The second magnet 50 is mounted in the retaining groove 1371 of the slide plate 137. When the slide plate 137 is assembled to the projecting plate 135, one side of the second magnet 50 is received in the notch 1351 of the projecting plate 135. The second magnet 50 comprises a south pole S and a north pole N along a polar axis. Both the longitudinal axis and polar axis of the second magnet 50 is substantially perpendicular to the longitudinal axis of the slot 1173. The polar axis of the second magnet 50 is parallel with the polar axis of the first magnet 30. The south pole S of the second magnet 50 faces toward the south pole S of the first magnet 30.
Referring to FIGS. 3 to 4, in assembly, the magnet detector 115 is mounted on the printed circuit board 70. The printed circuit board 70 with the magnet detector 115 is received in receiving groove 1131. The mounting plate 117 is received in the recess 113 for preventing the printed circuit board 70 from separating from the first housing 11. The magnet detector 115 is exposed through the notch 1171 of the mounting plate 117. The first magnet 30 is mounted to the mounting plate 117 and adjacent to the magnet detector 115. The second magnet 50 is received in the retaining groove 1371 of the slide plate 137. The polar axis of the second magnet 50 is parallel with the polar axis of the first magnet 30. The south pole S of the second magnet 50 faces toward the south pole S of the first magnet 30. The slide plate 137 is connected to the projecting plate 135, and the second magnet 50 is received in the notch 1351. The guiding block 131 is slidably received through the slot 1173. Thus, the first housing 11 is slidably connected to the second housing 12.
Referring to FIG. 4, when the electronic device 100 is in a closed state, the second magnet 50 is positioned between the first magnet 30 and the keypad 111. The second magnet 50 is substantially perpendicular to the slot 1173, and the first magnet 30 is substantially parallel to the slot 1173.
Referring to FIGS. 5 and 6, to position the electronic device 100 in an open position, the second housing 12 is slid to move the slide plate 137 relative to the mounting plate 117 of the first housing 11. The guiding block 131 slides along the slot 1173, and the second magnet 50 is moved toward the first magnet 30. Thus, a repulsive force is produced between the south poles of the second magnet 50 and the first magnet 30. As the polar axis of the second magnet 50 approaches being collinear with the polar axis of the first magnet 30, the magnetic repulsive force between the first magnet 30 and the second magnet 50 is greatest.
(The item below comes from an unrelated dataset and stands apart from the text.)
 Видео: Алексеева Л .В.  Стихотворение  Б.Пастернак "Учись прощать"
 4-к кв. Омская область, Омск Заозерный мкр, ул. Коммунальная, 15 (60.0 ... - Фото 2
After the second housing 12 is slid past this position, the slide plate 137 automatically slides to the open position under the repulsive force between the first magnet 30 and the second magnet 50. To slide the slide plate 137 back to the closed position, the slide plate 137 is slid past the position where the second magnet 50 is closest to the first magnet 30, and the repulsive force between the south poles of the first magnet 30 and the second magnet 50 drive the slide plate 137 to close. Thus, the repulsive force between the first magnet 30 and the second magnet 50 assist in opening and closing the slide plate 137 to open and close the electronic device 100 conveniently. During the sliding process, the magnet detector 115 detects the position of the second magnet 50 and transmits a signal to the printed circuit board 70. The printed circuit board 70 further transmits the signal to the portable electronic device 100 for determining whether the portable electronic device 100 is in the open or closed state.
It is to be understood, however, that even through numerous characteristics and advantages of the exemplary invention have been set forth in the foregoing description, together with details of the structure and function of the invention, the disclosure is illustrative only, and changes may be made in detail, especially in matters of shape, size, and arrangement of parts within the principles of the invention to the full extent indicated by the broad general meaning of the terms in which the appended claims are expressed.

Claims

What is claimed is:

1. A slide mechanism, comprising:

a mounting plate;

a slide plate installed on the mounting plate and slidable relative to the mounting plate;

a first magnet mounted to the mounting plate; and

a second magnet mounted to the slide plate;

wherein the first magnet is substantially parallel to the slot, a polar axis of the south pole and the north pole of the first magnet is substantially parallel to a polar axis of the south pole and the north pole of the first magnet, and the south pole of the second magnet faces with to the south pole of the first magnet.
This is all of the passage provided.